Gileno Guanabara, sócio do IHGRN 

            A par dos interesses comerciais europeus outros que aportaram no Brasil recém descoberto, ocorreram visitas ocasionais de alemães, em cujas andanças por estas terras deixaram anotações e preciosidades.
            Um deles, Heliodoro Eoban, descendente de Helius Eubanus Hessus, historiador alemão. Sua presença ficou registrada em face de sua morte precoce, lutando contra os valentes tamoios e os aliados franceses, estes sob o comando de Villegagnon, ao lado de Estácio de Sá, na baía da Guanabara, nos combates travados quando da fundação dos primeiros núcleos de povoamento da cidade do Rio de Janeiro.
 Outra presença alemã foi a de Ulrico Schmidel, nascido em Straubing, na Alemanha. Foi de sua lavra a “História verdadeira de uma viagem curiosa na América ou Novo Mundo (Brasil e Rio da Prata), desde o ano de 1534 até 1554”.  A primeira edição, em alemão, foi dada a conhecer no ano de 1567. Seguiram-se outras edições, até a edição espanhola do ano de 1836 e desta uma última a tradução para o francês (1837).
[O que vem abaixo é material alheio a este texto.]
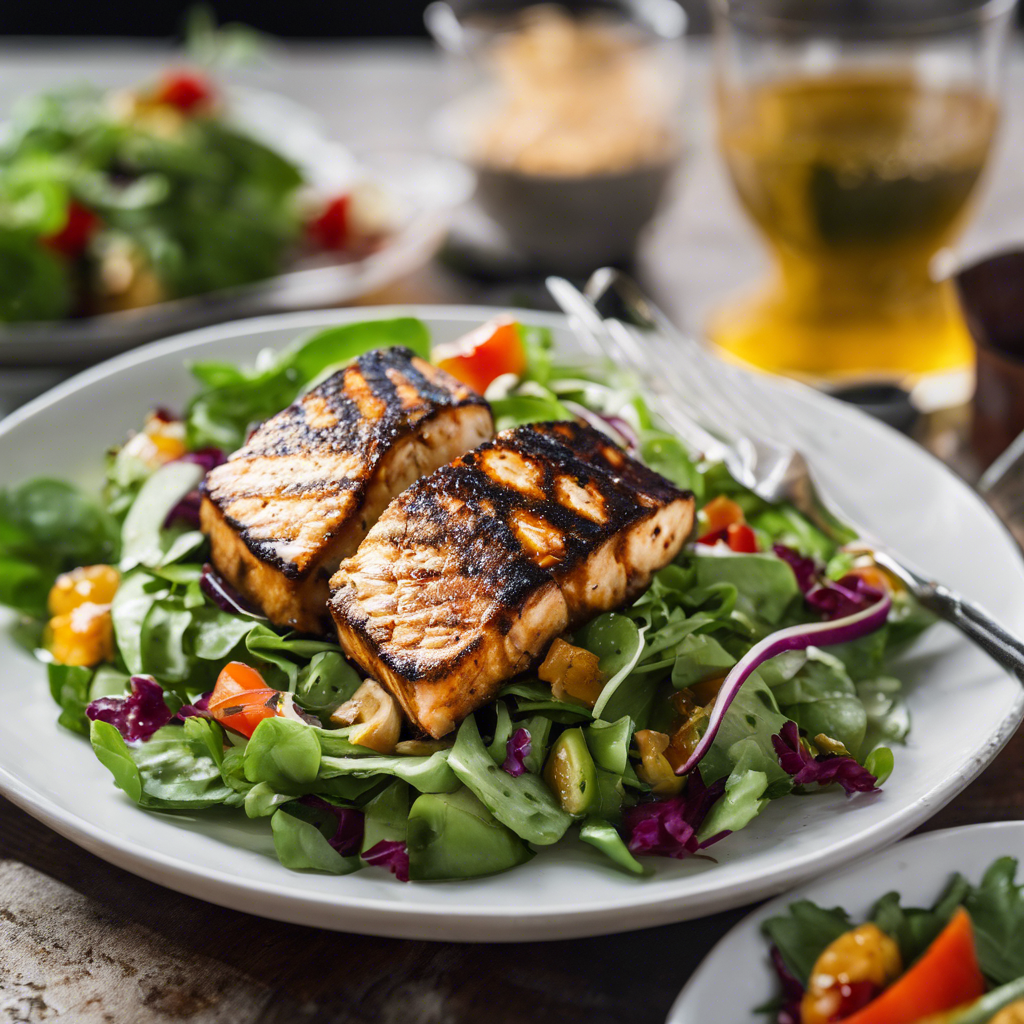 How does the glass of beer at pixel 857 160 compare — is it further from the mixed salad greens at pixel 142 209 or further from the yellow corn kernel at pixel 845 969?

Pelas andanças que fez e dada a precisão com que pintou a região do Sul da América, ficou tido como o primeiro historiador do Rio da Prata, reconhecido por Bartolomeu Mitre (Annales del Museu de la Plata). Em razão das invencionices apavorantes que se divulgavam, e eram comuns na época, aterrorizando os que aqui viviam, Schmidel reproduziu essas histórias imaginárias que ouviu falar. Iguais às pantomimas dos relatos, que estão na “História da Província de Santa Cruz” (1570), obra de Pedro Gandavo, com referências as figuras dos “Hypupiaras”, monstros que aterrorizavam os moradores de S. Vicente, visto pelo português Baltazar Ferreira.
            Relatos na “História do Brasil”, de Frei Vicente do Salvador, descrevem coisas fantásticas, mistérios, como a montanha que alhures trovejava enquanto cuspia pedrarias ao seu redor. Ou as amazonas, “mulheres guerreiras que dispensavam o comércio de homens”; ou os “anões que de tão pequenos, pareciam afrontar os homens”. Igualmente o registro de “gigantes de dezesseis palmos de alto”, que viviam nas matas, como anotou Simão de Vasconcelos (Crônica da Companhia de Jesus no Brasil).
             Não é de admirar, pois, que tais invencionices e incertezas tenham-se difundido pelo mundo, com referência ao sertão do Brasil. O próprio Rei de Portugal, D. Manuel I, em carta ao Rei da Espanha, seu sogro (in História da Colonização Portuguêsa no Brasil), fala que Cabral estivera em terra com homens que tinham “... quatro olhos: dois adiante e dois detrás. Eram homens ... que comem os homens com quem têm guerra.” Em ter incluído em sua obra tais lorotas, a crítica atribuiu a Schmidel a tarja de mentiroso.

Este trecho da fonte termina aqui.